One of the actors portraying the thugs asks if they get paid extra if Hitmaker makes them work late, while Hitmaker points out that these guys are just hanging in the alley, begging the cops to question them. ‘And standing over the money-man with their blades out, talking to him? Not holding him? Saying “Skrag”?’ Hitmaker asks, pointing to one of the thugs, asking the director who wears Mohawks any more except “city college retro-70’s vinyl-collecting Sid-’n’-Nancy poof boys?”. ‘And that star on his face? Oh, man! Nobody who knows the streets is going to believe I’m real’ Hitmaker mutters. The director reminds Hitmaker that he didn’t write this script, that the studio publicity department did, as they want Hitmaker to be the industry-approved “Hollywood super hero”. He adds that they want to undo the damage that nut-case Wonder Man has done to the entertainment industry’s reputation. ‘They think this is how to do it’ he explains. ‘You want to show Wonder Man up? I’m telling you, Budrick, on the streets there’s only one way to do that. I’ve got to kick Wonder Man’s...tuchas’ Hitmaker declares, smirking.
Elsewhere, Simon Williams a.k.a. Wonder Man frowns as he flies through the city, and quotes “I will hold you accountable for your misdeeds”. He decides that he is getting sick of that message, whoever is sending it to him makes sure he wants to get it though, sending it to the Avengers West Coast, his old apartment, his agent and every producer he has worked for. ‘Well, if he wants to “bring me to justice”, now’s his chance. I’m right where he told me to be. If this is another ploy of the Grim Reaper or Blackheart, I’d better be…wait a minute. Do I hear…’ Simon thinks to himself, looking up, he sees a copter with a camera crew, but no station ID. ‘Who is this?’ Simon wonders, noticing another mobile camera in a van down on the street below, and another crew right across the street. ‘Somebody wants a record of whatever’s about to happen’ Simon realizes.

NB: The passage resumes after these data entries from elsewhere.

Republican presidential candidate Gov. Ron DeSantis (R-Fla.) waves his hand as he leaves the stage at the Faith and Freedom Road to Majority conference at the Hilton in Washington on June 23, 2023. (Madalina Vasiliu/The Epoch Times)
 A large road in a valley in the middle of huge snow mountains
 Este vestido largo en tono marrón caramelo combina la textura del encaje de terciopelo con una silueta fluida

‘I don’t like it. I’ve gotta be -’ Simon starts to think when suddenly, he is kicked in the face. He falls to the roof, and looks up, to see Hitmaker standing over him. ‘Welcome to “The Wonderful World of Justice!” I’m your host, Hitmaker…and for the next several minutes you’ll be treated to a cavalcade of the most exciting punches and kicks in Hollywood history’ he boasts. ‘Great. A freakin’ loon’ Simon mutters, before telling Hitmaker that he has had a week of pure Hades, and is already late for a meeting with a beast. ‘So if you don’t object…I’m gonna cancel this -’ but as Simon lunches forward, Hitmaker leaps over him. ‘Blast it’ Simon mutters. ‘Sorry to cut off your tough-guy dialogue, Wondy. I’m sure it would have been so sharp’ Hitmaker mocks, as he then kicks Simon in the back, forcing the hero to fall onto the building beneath this.
‘That’s right. Keep your best side to the camera’ Hitmaker calls out as the chopper hovers overhead. ‘You’re not gonna have a best side when I’m through with you, pretty boy. You’re not even gonna have any outsides!’ Wonder Man snarls. Hitmaker holds his hands up and tells Wonder Man not to make this personal. ‘It’s just the game, you know. You had your day, now I got -’ he begins, before Wonder Man tears the upper part of the taller building, causing Hitmaker to fall down to his level. ‘What you got, stupid, is -’ Wonder Man begins, before stopping in his tracks. ‘What…in the…’ he begins, while a camera man zooms in close and calls out to Hitmaker, encouraging him to get up. ‘My public calls!’ Hitmaker declares as he kicks Wonder Man in the face and flips himself up. ‘And you know as well as me that we gotta play to the public!’ Hitmaker exclaims as Wonder Man falls off the edge of the building. Hey, nice fall. Thanks for the visuals’ Hitmaker calls out.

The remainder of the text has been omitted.